Podcast-Generator/server/tts_adapters.py

import os
import json # 导入 json 模块
import base64 # 导入 base64 模块
from msgpack.fallback import EX_CONSTRUCT
import requests
import uuid
import urllib.parse
import re # Add re import
import time # Add time import
from abc import ABC, abstractmethod
from typing import Optional # Add Optional import

class TTSAdapter(ABC):
    """
    抽象基类，定义 TTS 适配器的接口。
    """
    @abstractmethod
    def generate_audio(self, text: str, voice_code: str, output_dir: str, volume_adjustment: float = 0.0, speed_adjustment: float = 0.0) -> str:
        """
        根据文本和语音代码生成音频文件。

        Args:
            text (str): 要转换为语音的文本。
            voice_code (str): 用于生成语音的语音代码。
            output_dir (str): 生成的音频文件保存的目录。
            volume_adjustment (float): 音量调整值，正数增加，负数减少。

        Returns:
            str: 生成的音频文件路径。

        Raises:
            Exception: 如果音频生成失败。
        """
        pass

    def _apply_audio_effects(self, audio_file_path: str, volume_adjustment: float, speed_adjustment: float) -> str:
        """
        对音频文件应用音量和速度调整。
        Args:
            audio_file_path (str): 原始音频文件路径。
            volume_adjustment (float): 音量调整值。例如，6.0 表示增加 6dB，-3.0 表示减少 3dB。
            speed_adjustment (float): 速度调整值，正数增加，负数减少。speed_adjustment 是百分比，例如 10 表示 +10%，-10 表示 -10%。
        Returns:
            str: 调整后的音频文件路径。
        Raises:
            ImportError: 如果 'pydub' 模块未安装。
            RuntimeError: 如果音频效果调整失败。
        """
        if volume_adjustment == 0.0 and speed_adjustment == 0.0:
            return audio_file_path

        try:
            from pydub import AudioSegment
        except ImportError:
            raise ImportError("The 'pydub' module is required for audio adjustments. Please install it using 'pip install pydub'.")
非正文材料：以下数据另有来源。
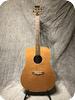 Tanglewood TW28 CSR-Natural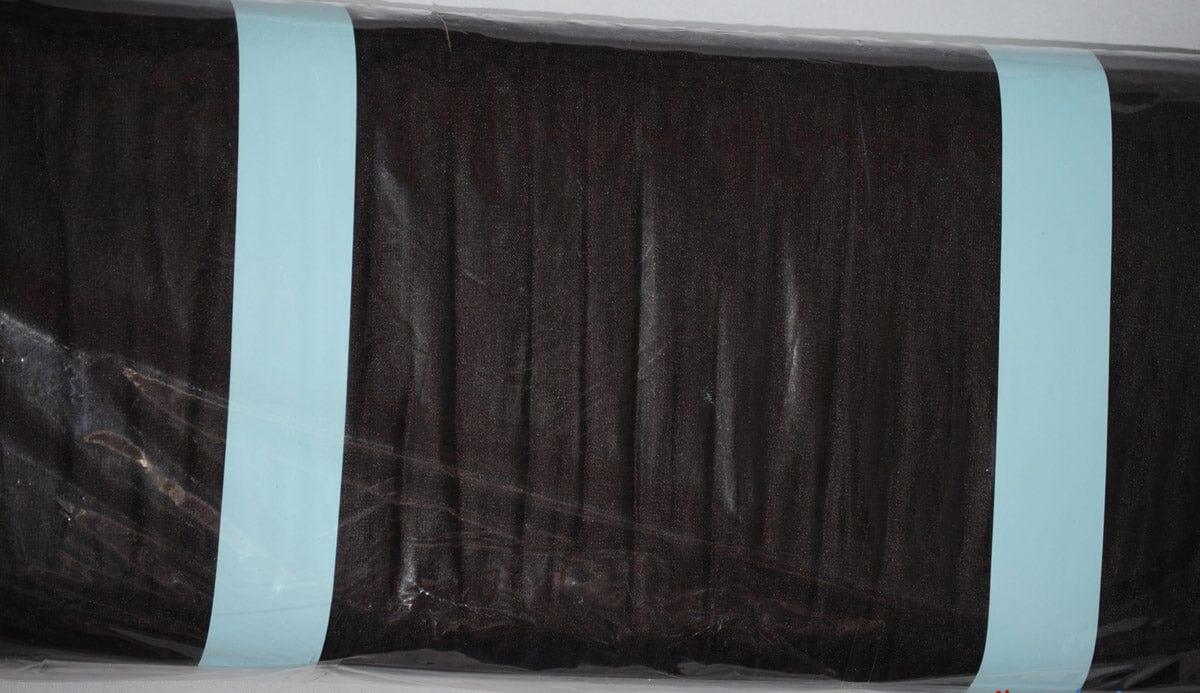 108" Wide Bridal Tulle | Nylon Tulle Illusion Fabric | Soft Bridal Veil & Decor | 50 Yard Bolt | Fabric mytextilefabric Bolts Black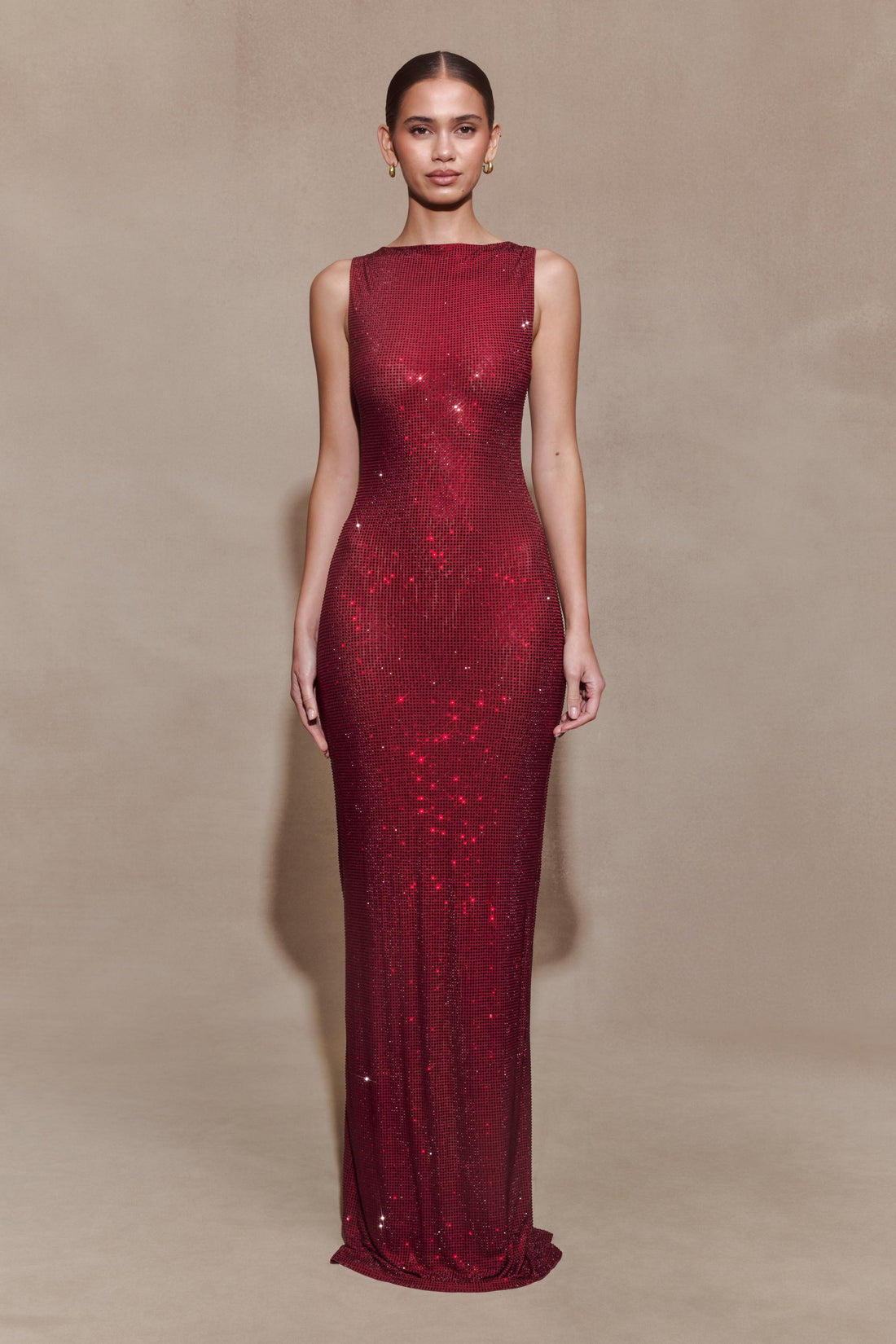 Maggie Maxi Dress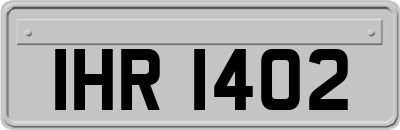 IHR1402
        current_audio_file = audio_file_path
        base, ext = os.path.splitext(audio_file_path)

        try:
            audio = AudioSegment.from_file(current_audio_file)

            # 应用音量调整
            if volume_adjustment != 0.0:
                adjusted_audio = audio + volume_adjustment
                new_file_path = f"{base}_vol_adjusted{ext}"
                adjusted_audio.export(new_file_path, format=ext[1:])
                os.remove(current_audio_file)
                current_audio_file = new_file_path
                audio = adjusted_audio
                print(f"Applied volume adjustment of {volume_adjustment} dB to {os.path.basename(current_audio_file)}")

            # 应用速度调整
            if speed_adjustment != 0.0:
                speed_multiplier = 1 + speed_adjustment / 100.0
                adjusted_audio = audio.speedup(playback_speed=speed_multiplier, chunk_size=150, crossfade=25)
                new_file_path = f"{base}_speed_adjusted{ext}"
                adjusted_audio.export(new_file_path, format=ext[1:])
                if current_audio_file != audio_file_path and os.path.exists(current_audio_file): # 只有当 current_audio_file 是中间文件时才删除
                    os.remove(current_audio_file)
                else: # 如果没有音量调整，current_audio_file 仍然是原始文件
                    os.remove(audio_file_path)
                current_audio_file = new_file_path
                print(f"Applied speed adjustment of {speed_adjustment}% to {os.path.basename(current_audio_file)}")

            return current_audio_file

        except Exception as e:
            # 如果发生错误，清理任何中间文件
            if current_audio_file != audio_file_path and os.path.exists(current_audio_file):
                os.remove(current_audio_file)
            raise RuntimeError(f"Error applying audio effects to {os.path.basename(audio_file_path)}: {e}")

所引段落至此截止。